Work to complete: Write out every record below exactly as given. Leave the pictures out.

━━━━━━━━━━

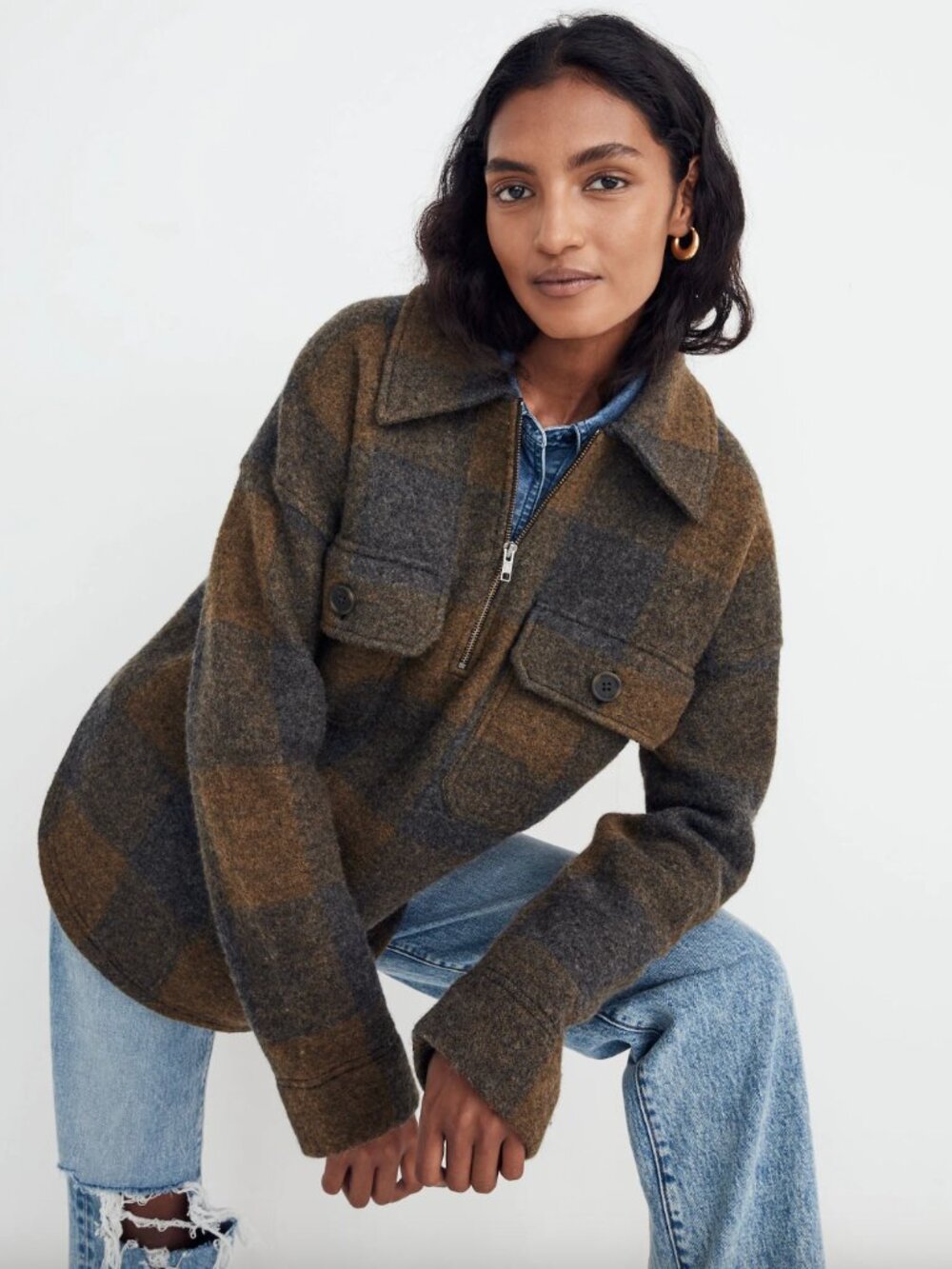 Madewell 100% Merino wool half zip popover sweater in Buffalo check S - Picture 2 of 7
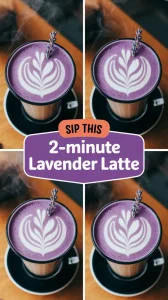Delicious 2-minute lavender latte with beautiful latte art and lavender sprig.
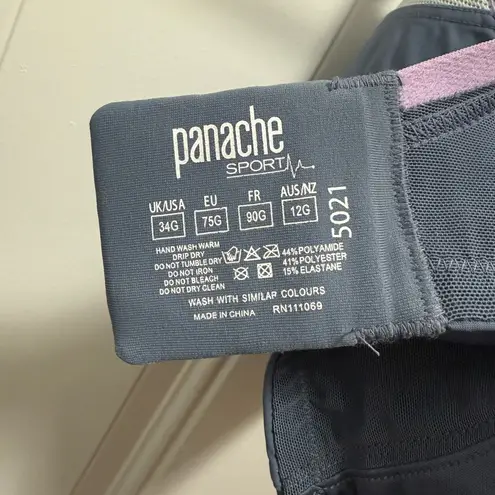 Panache High Impact Underwire Sports Bra 34G Navy Gray Purple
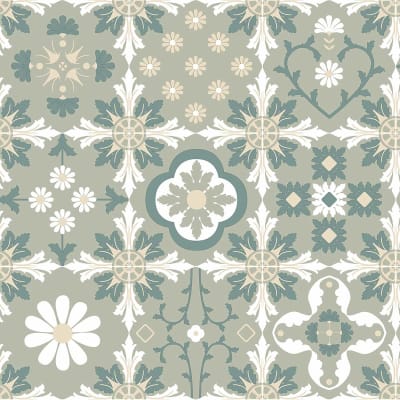 Papier peint carreaux rétro floraux 0,53 m × 10 m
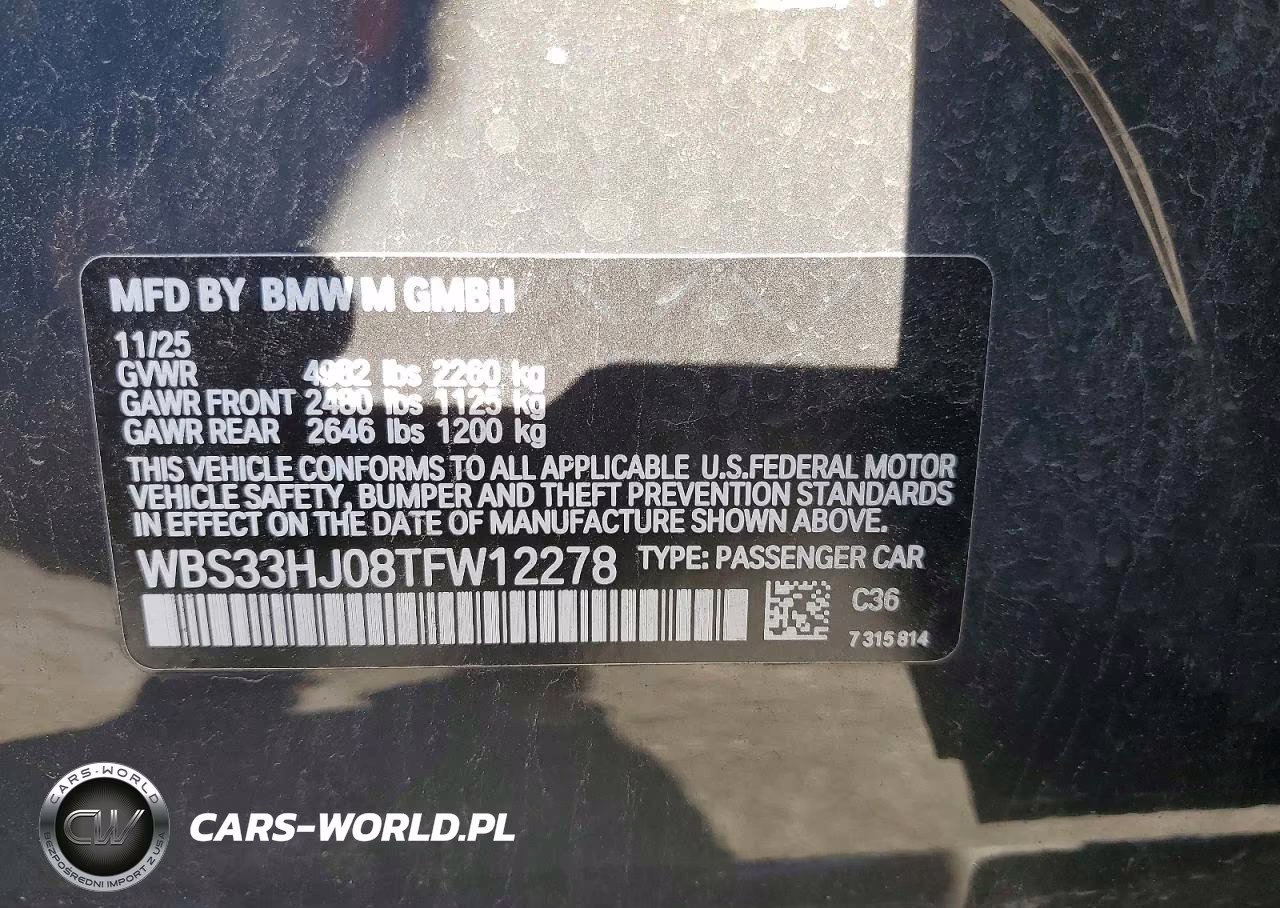 2026 BMW M3 Competition VIN:WBS33HJ08TFW12278 - 12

━━━━━━━━━━

Solution for this exercise:
 Madewell 100% Merino wool half zip popover sweater in Buffalo check S - Picture 2 of 7
Delicious 2-minute lavender latte with beautiful latte art and lavender sprig.
 Panache High Impact Underwire Sports Bra 34G Navy Gray Purple
 Papier peint carreaux rétro floraux 0,53 m × 10 m
 2026 BMW M3 Competition VIN:WBS33HJ08TFW12278 - 12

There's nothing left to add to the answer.